### WHAT THE EXERCISE ASKS:
Every line from the one with "Villa Rouge Embossed" through the end of the entries below must be retyped exactly, and only those lines. The pictures are not part of the copy.
=======
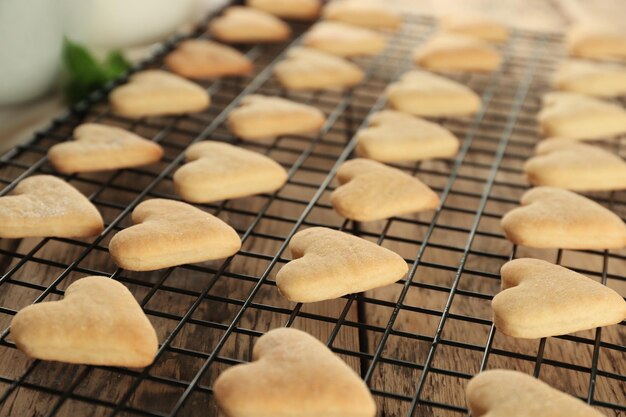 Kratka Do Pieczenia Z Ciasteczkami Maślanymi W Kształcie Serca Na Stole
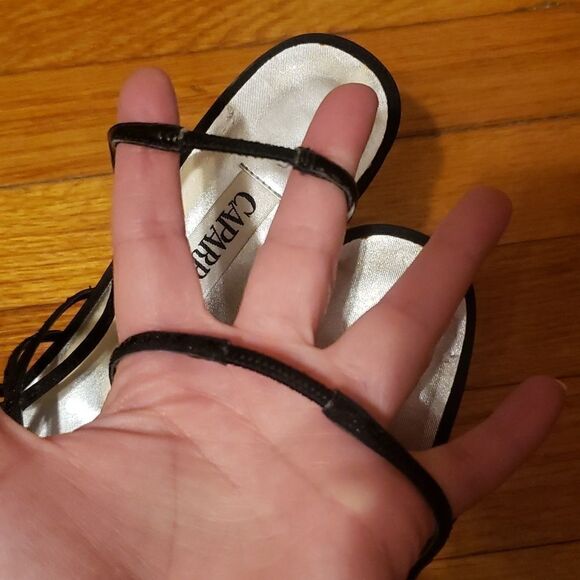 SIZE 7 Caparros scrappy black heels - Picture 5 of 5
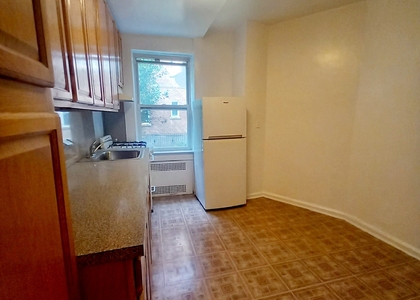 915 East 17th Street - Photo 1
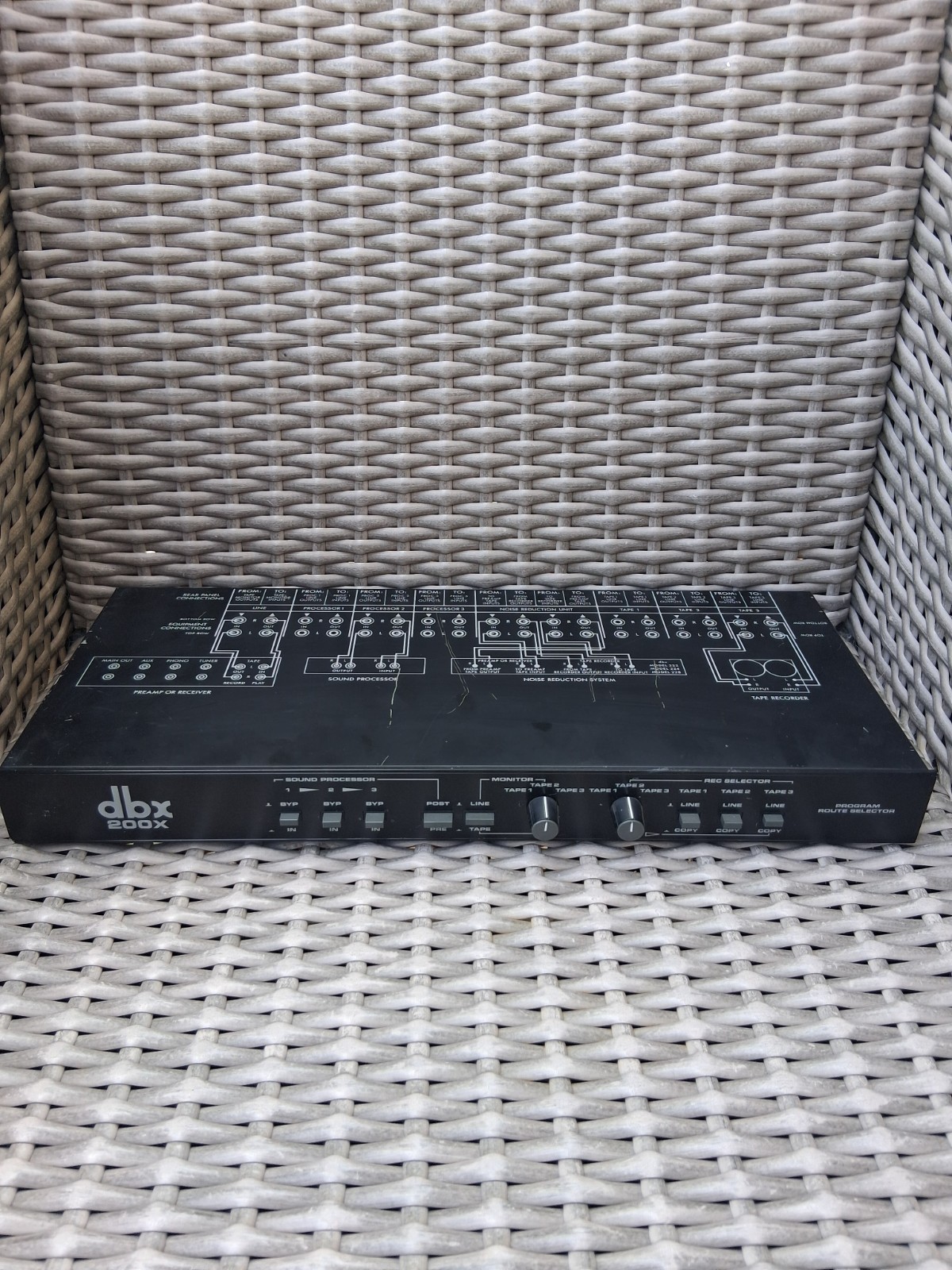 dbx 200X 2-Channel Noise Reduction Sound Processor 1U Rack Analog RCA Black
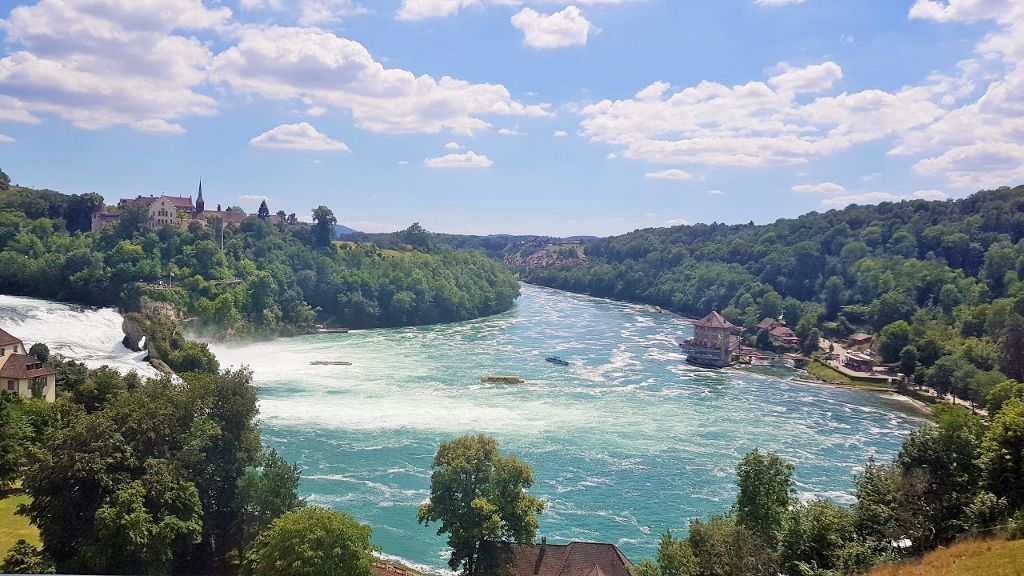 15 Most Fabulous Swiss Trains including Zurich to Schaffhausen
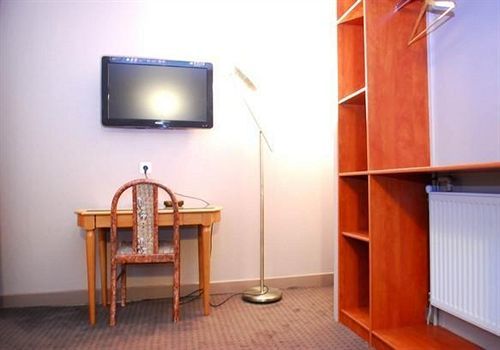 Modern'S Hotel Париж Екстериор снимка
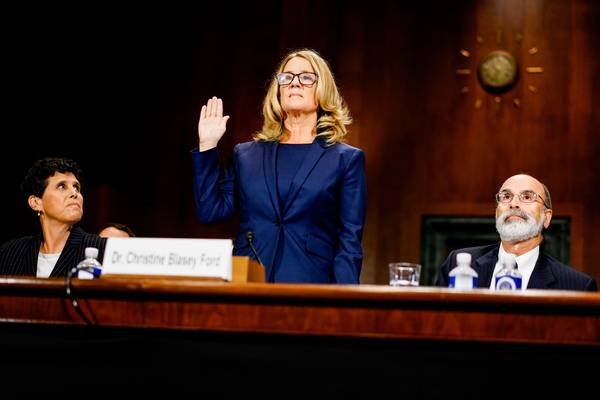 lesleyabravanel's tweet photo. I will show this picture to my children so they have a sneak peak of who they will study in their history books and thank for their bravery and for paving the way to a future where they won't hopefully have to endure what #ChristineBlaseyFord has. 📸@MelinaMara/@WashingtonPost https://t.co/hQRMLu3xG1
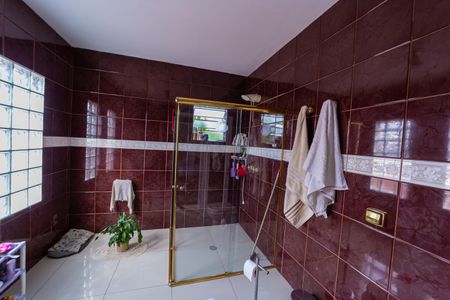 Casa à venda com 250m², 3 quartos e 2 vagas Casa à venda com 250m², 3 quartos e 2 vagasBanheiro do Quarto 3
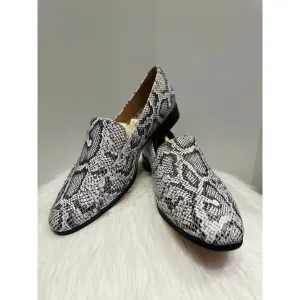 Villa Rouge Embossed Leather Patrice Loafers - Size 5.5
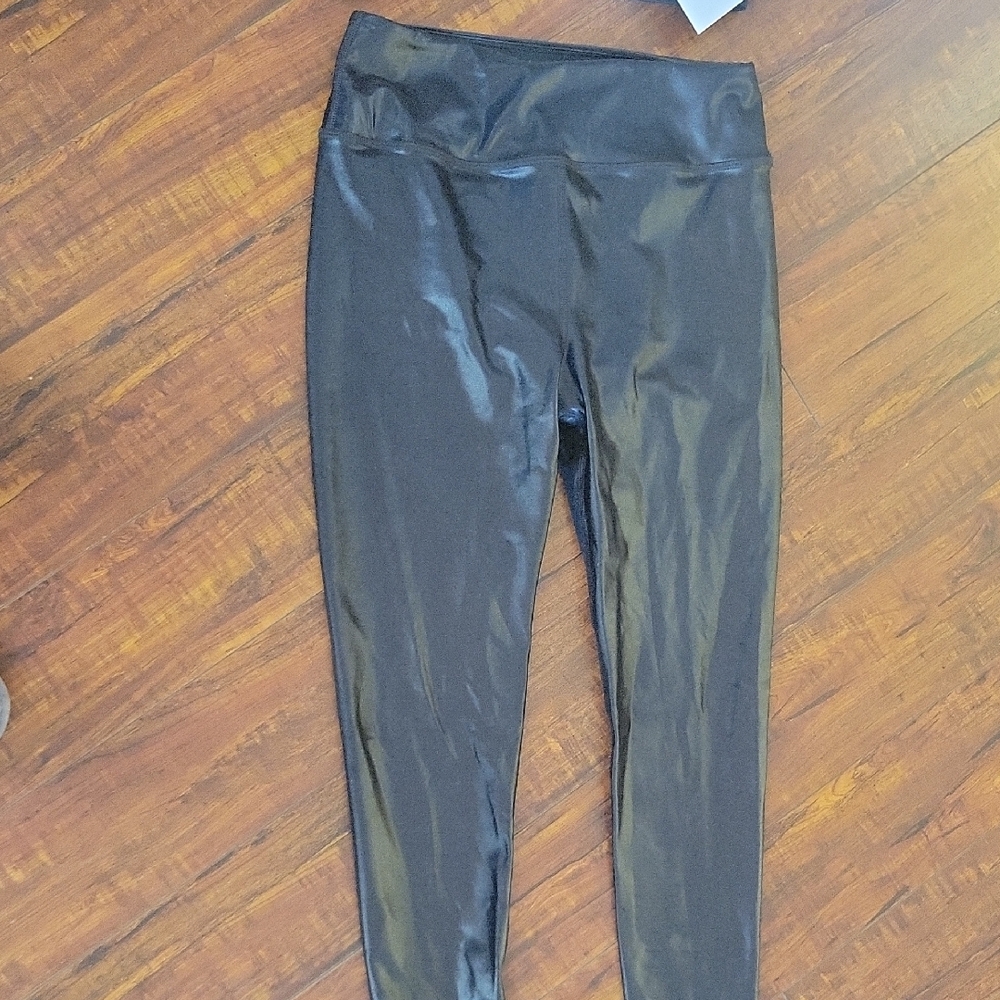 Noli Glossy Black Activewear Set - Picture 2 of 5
=======
### FINISHED TASK:
 Villa Rouge Embossed Leather Patrice Loafers - Size 5.5
 Noli Glossy Black Activewear Set - Picture 2 of 5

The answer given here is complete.